Let us know by voting in the poll above and leave us your thoughts in the comment section below!

9 thoughts on “BJJ Poll: On Average How Many Training Partners Do You Spar (“Roll”) with in a Typical BJJ Class?”

  1. it totally blows me away when i have trained at other academies when out of town and see classes set up where you dont have to spar. what?!?!?!?!

    it’s almost as annoying as when i have trained places where you never switch partners through the whole class, drills and sparring. ugh.

    the two main places i have trained at you roll with pretty much everyone who is at class, every class. rarely is there fewer than 5 people, so i voted 5 or more.

  2. Normally 3 or 4 at most, particularly if the club is sufficiently relaxed that I can sit out should I want to (which I do quite often, due to a combination of wanting to write up notes and general laziness).

  3. Depending on how i feel, i will stay to roll a few times after the technique portions of class. You are NEVER required to roll where i train if you don’t want to. The idea is to have fun training, not dread training! The reality is that a lot of new folks are skittish about rolling when they first start so they have to be eased into it. if you require everyone to roll in every class all the time, people will get too nervous about it and eventually stop going to class!

    This, of course does not apply to the beginner who wants to compete and feels like he has something to prove. They are on the other side of the spectrum. They complain they don’t train enough, especially after they hurt themselves going 1000% every day all the time!

    Not requiring sparring all the time also drives home the point that what you get out of Jiu-Jitsu is really what you put into it.
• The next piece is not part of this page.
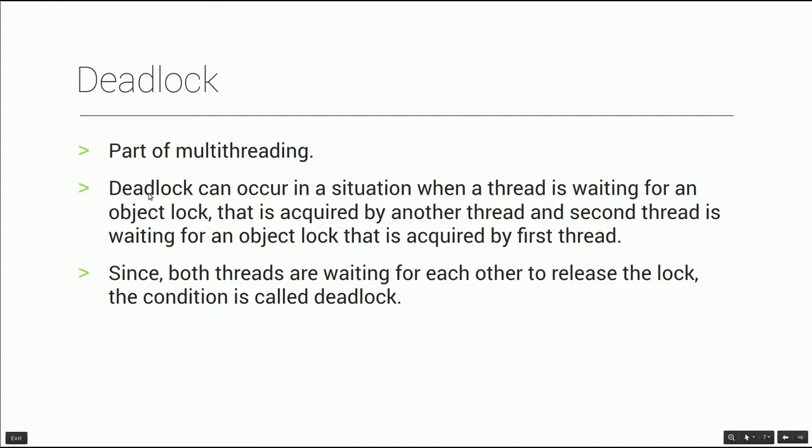This is a formal definition. A deadlock can occur in a situation where a thread is waiting for an object lock that is acquired by another thread, and the second thread is waiting for an object lock that is acquired by the first thread.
You give them a choice. If you want to improve, roll… if you still just want to do technique, that’s fine too, you just won’t improve as fast as you would be capable of.

    With that being said, we don’t have a lot of people who never roll(as a matter of fact, i can’t think of anyone who didn’t ever roll). The prospect of improving actually motivates the beginners to start rolling and to them it now becomes an addiction when you step on the mat, not a neurosis that keeps you from it.
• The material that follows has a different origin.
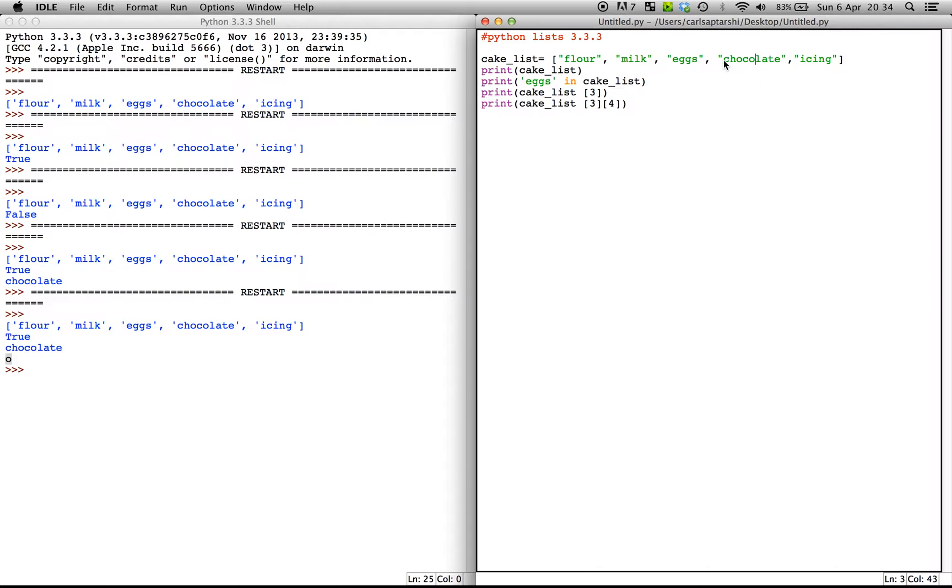So within chocolate over here, which is our third index value, we have zero, one, two, three, and four. And that's the index value within the word chocolate.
  4. We have classes dedicated only to timed rounds of rolling, with this format, it’s possible to roll with up to 8-9 different people in one class. Some days the variety is good, but sometimes it’s hard to find that many good training partners, depending on who’s in the class.
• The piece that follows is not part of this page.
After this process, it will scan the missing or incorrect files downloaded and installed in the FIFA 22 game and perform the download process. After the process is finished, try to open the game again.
  5. My brother-in-law, who recently became a black belt (I’m a 4-stripe blue) said that before he would leave, he would roll with everyone in the class — even if it was only a 1 minute roll. I think that’s great advice — though I have yet to take it.

  6. A good question to ask may be, “How often do you get to choose your training partners?”

    At one place I trained I never, ever, ever, ever was able to choose who I rolled against and I was always matched against a similar body type. I believe it stagnated my development.

    I just visited a new gym Saturday and had the opportunity to roll with five different guys of all sizes, shapes and abilities. I missed having the chance to face different types of grapplers.

  7. Classes at Gracie Philadelphia are broken up into warm ups, technique, and rolling. Most of the time we are placed with a partner. Occasionally, starting with the higher belts, you pick who you want to train with. Everyone is encouraged to train. I think this is a good way to do it. I’ve been to places that are too informal about training and I don’t like it.

  8. Classes at Relson Gracie Austin have about 30-45 min of Q&A + technique, then1 1-1.5 hrs of the techniques of the day + drilling and positional sparring, then another hour or so of open mat. We get to pick who we train with and whether we continue drilling, positional sparring, full-on rolling, takedowns, or whatever. I usually roll with 5-7 people in that hour, depending on who is around. Sometimes more, sometimes less, but usually around 5-7. I think our system works great.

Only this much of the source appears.